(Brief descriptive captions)

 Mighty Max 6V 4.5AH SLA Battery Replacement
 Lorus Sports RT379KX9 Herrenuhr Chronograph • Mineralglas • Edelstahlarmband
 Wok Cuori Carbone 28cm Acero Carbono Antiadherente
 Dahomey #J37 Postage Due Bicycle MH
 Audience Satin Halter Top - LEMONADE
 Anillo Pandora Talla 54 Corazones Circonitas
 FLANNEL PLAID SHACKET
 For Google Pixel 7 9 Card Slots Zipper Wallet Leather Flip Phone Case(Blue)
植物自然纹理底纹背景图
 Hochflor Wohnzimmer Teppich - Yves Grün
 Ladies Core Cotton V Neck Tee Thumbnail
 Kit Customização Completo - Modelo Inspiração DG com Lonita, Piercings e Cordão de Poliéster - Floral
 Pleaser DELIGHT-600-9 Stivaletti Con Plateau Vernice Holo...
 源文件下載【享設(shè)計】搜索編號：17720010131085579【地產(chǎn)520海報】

Required work: Transcribe the records exactly as they appear.

Final answer:
 Mighty Max 6V 4.5AH SLA Battery Replacement
 Lorus Sports RT379KX9 Herrenuhr Chronograph • Mineralglas • Edelstahlarmband
 Wok Cuori Carbone 28cm Acero Carbono Antiadherente
 Dahomey #J37 Postage Due Bicycle MH
 Audience Satin Halter Top - LEMONADE
 Anillo Pandora Talla 54 Corazones Circonitas
 FLANNEL PLAID SHACKET
 For Google Pixel 7 9 Card Slots Zipper Wallet Leather Flip Phone Case(Blue)
植物自然纹理底纹背景图
 Hochflor Wohnzimmer Teppich - Yves Grün
 Ladies Core Cotton V Neck Tee Thumbnail
 Kit Customização Completo - Modelo Inspiração DG com Lonita, Piercings e Cordão de Poliéster - Floral
 Pleaser DELIGHT-600-9 Stivaletti Con Plateau Vernice Holo...
 源文件下載【享設(shè)計】搜索編號：17720010131085579【地產(chǎn)520海報】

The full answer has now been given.